Twin Paradox de Mathilde Monnier


Cinq couples comme en lévitation trente centimètres au-dessus du plateau, portés par une grille couleur bois. Hors du monde, hors du temps. Seule la danse compte, pendant presque deux heures et jusqu'à l'épuisement. Inspiré des danses marathon des années 20 aux Etats-Unis, Twin Paradox en inverse pourtant la vapeur. Ici c'est la recherche en soi qui produit la transe. Chacun(e) semble plonger dans ses souvenirs et ses pensées à travers les paysages sonores signés Luc Ferrari. A la fin on perd connaissance comme si on glissait vers la douceur des rêves et c'est à ce moment que les interprètes de choix, de Thibault Lac à I-Fang Lin, de Jung-Ae Kim à Cédric Andrieux, montrent tout de leurs qualités exceptionnelles. Ces couples-là ne s'affrontent pas mais expérimentent toute la gamme des rapports entre danseurs. On étreint l'autre, on le secoue, on s'y agrippe, ou bien on arpente l'espace, sans hiérarchie aucune.
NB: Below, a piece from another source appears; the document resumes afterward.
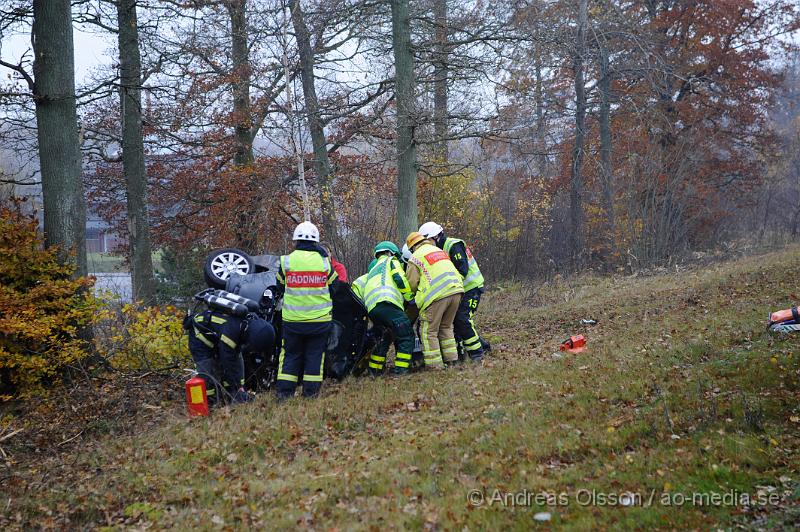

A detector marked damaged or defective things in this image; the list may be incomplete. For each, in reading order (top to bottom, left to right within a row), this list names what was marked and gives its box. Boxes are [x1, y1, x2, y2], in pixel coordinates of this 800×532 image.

crashed vehicle [191, 248, 422, 390]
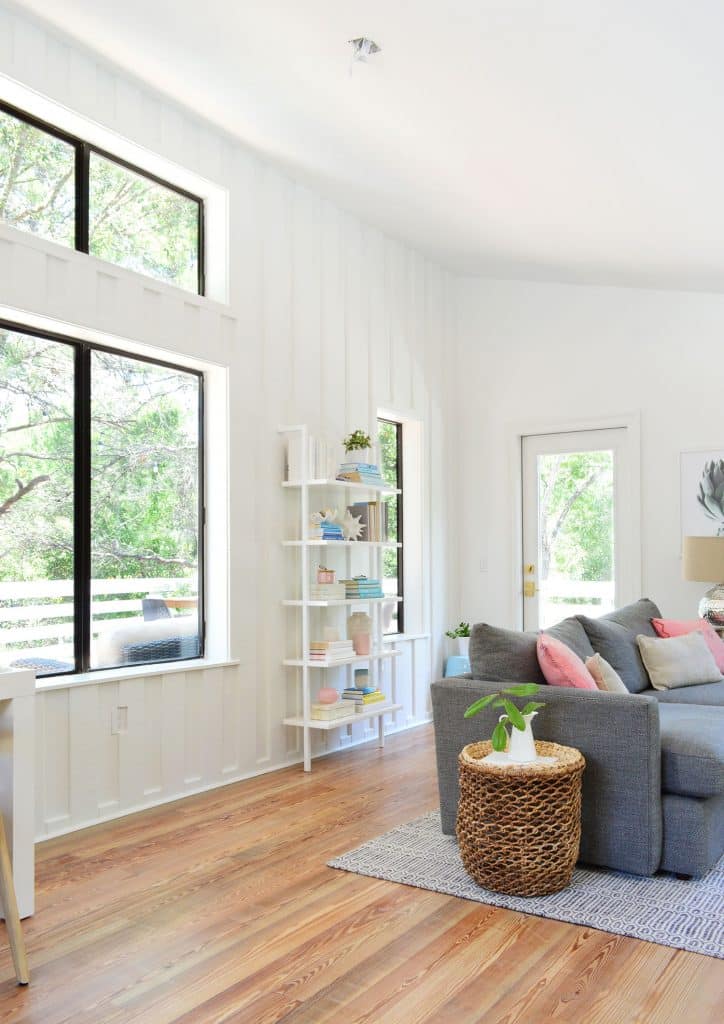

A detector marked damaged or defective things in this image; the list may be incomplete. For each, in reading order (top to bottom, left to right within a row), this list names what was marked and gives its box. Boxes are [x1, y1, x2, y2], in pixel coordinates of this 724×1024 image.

missing ceiling fixture mount [348, 37, 382, 66]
Monnier se montre plus cunninghammienne que jamais, selon la devise du maitre : "c'est quand un mouvement a l'air maladroit qu'il commence à m'intéresser." Ici, l'unisson imposé par la société compétitive, qui était le sujet de Tempo 76, semble croiser la danse comme fin en soi, traitée dans Publique. Si chaque tableau de Twin Paradox peut sembler interminable, c'est que Monnier nous invite à abandonner le rapport habituel au temps et au regard. Pour plonger dans une empathie qui se niche sous la peau.